OAIPMH Harvesting

This is a harvesting protocol that is widely used among libraries. GeoNetwork implements version 2.0 of the protocol.

Adding an OAI-PMH harvester

An OAI-PMH server implements a harvesting protocol that GeoNetwork, acting as a client, can use to harvest metadata.

../../../_images/web-harvesting-oaipmh.png

Adding an OAI-PMH harvesting harvester

Configuration options:

  • Site - Options describing the remote site.
    • Name - This is a short description of the remote site. It will be shown in the harvesting main page as the name for this instance of the OAIPMH harvester.
    • URL - The URL of the OAI-PMH server from which metadata will be harvested.
    • Icon - An icon to assign to harvested metadata. The icon will be used when showing search results.
    • Use account - Account credentials for basic HTTP authentication on the OAIPMH server.
  • Search criteria - This allows you to select metadata records for harvest based on certain criteria:
    • From - You can provide a start date here. Any metadata whose last change date is equal to or greater than this date will be harvested. To add or edit a value for this field you need to use the icon alongside the text box. This field is optional so if you don’t provide a start date the constraint is dropped. Use the icon to clear the field.
    • Until - Functions in the same way as the From parameter but adds an end constraint to the last change date search. Any metadata whose last change data is less than or equal to this data will be harvested.
    • Set - An OAI-PMH server classifies metadata into sets (like categories in GeoNetwork). You can request all metadata records that belong to a set (and any of its subsets) by specifying the name of that set here.
    • Prefix - ‘Prefix’ means metadata format.
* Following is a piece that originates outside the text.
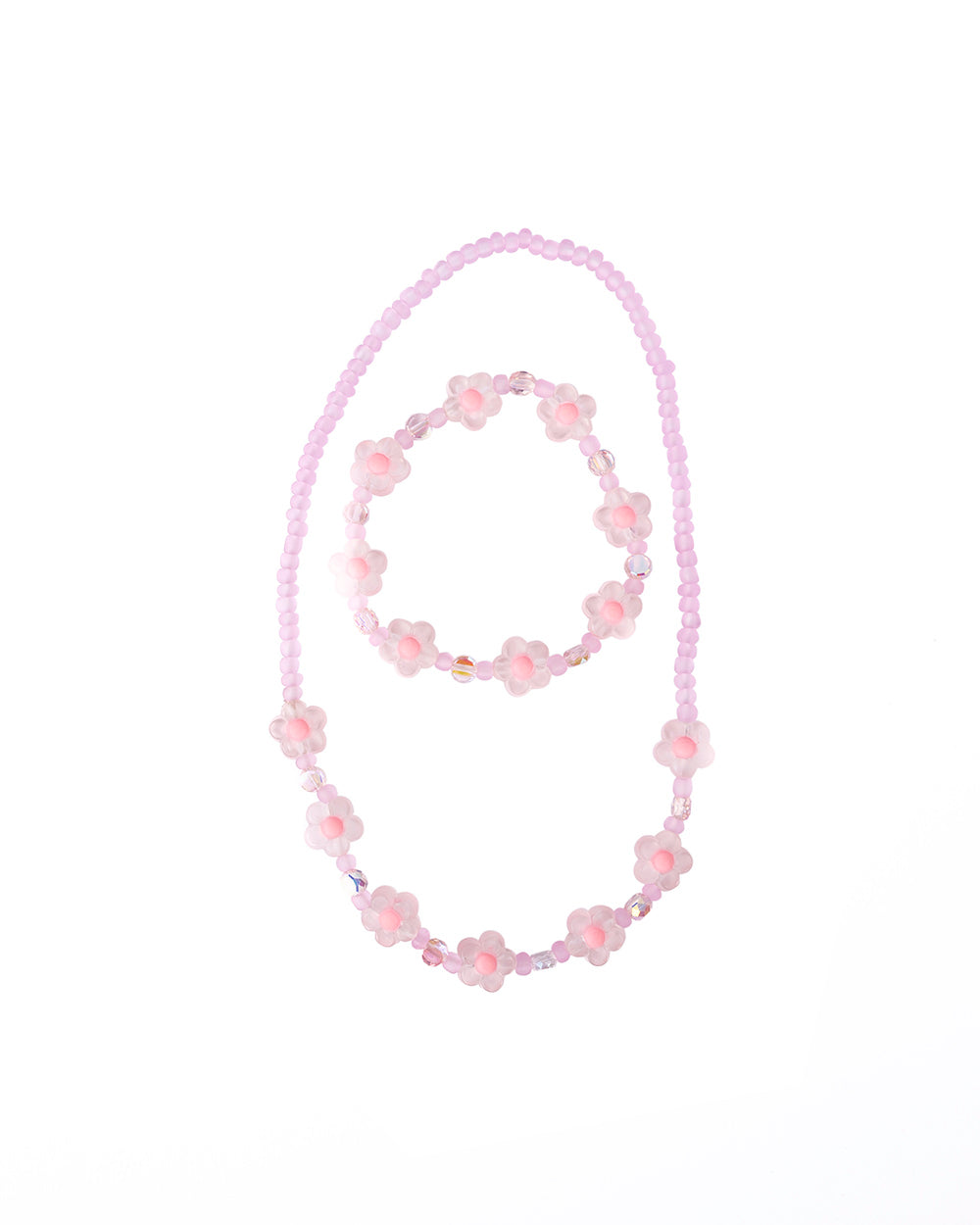 Pink Crystal Blooms Necklace Set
The oai_dc prefix must be supported by all OAI-PMH compliant servers.
    • You can use the Add button to add more than one Search Criteria set. Search Criteria sets can be removed by clicking on the small cross at the top left of the set.

Note

the ‘OAI provider sets’ drop down next to the Set text box and the ‘OAI provider prefixes’ drop down next to the Prefix textbox are initially blank. After specifying the connection URL, you can press the Retrieve Info button, which will connect to the remote OAI-PMH server, retrieve all supported sets and prefixes and fill the drop downs with these values. Selecting a value from either of these drop downs will fill the appropriate text box with the selected value.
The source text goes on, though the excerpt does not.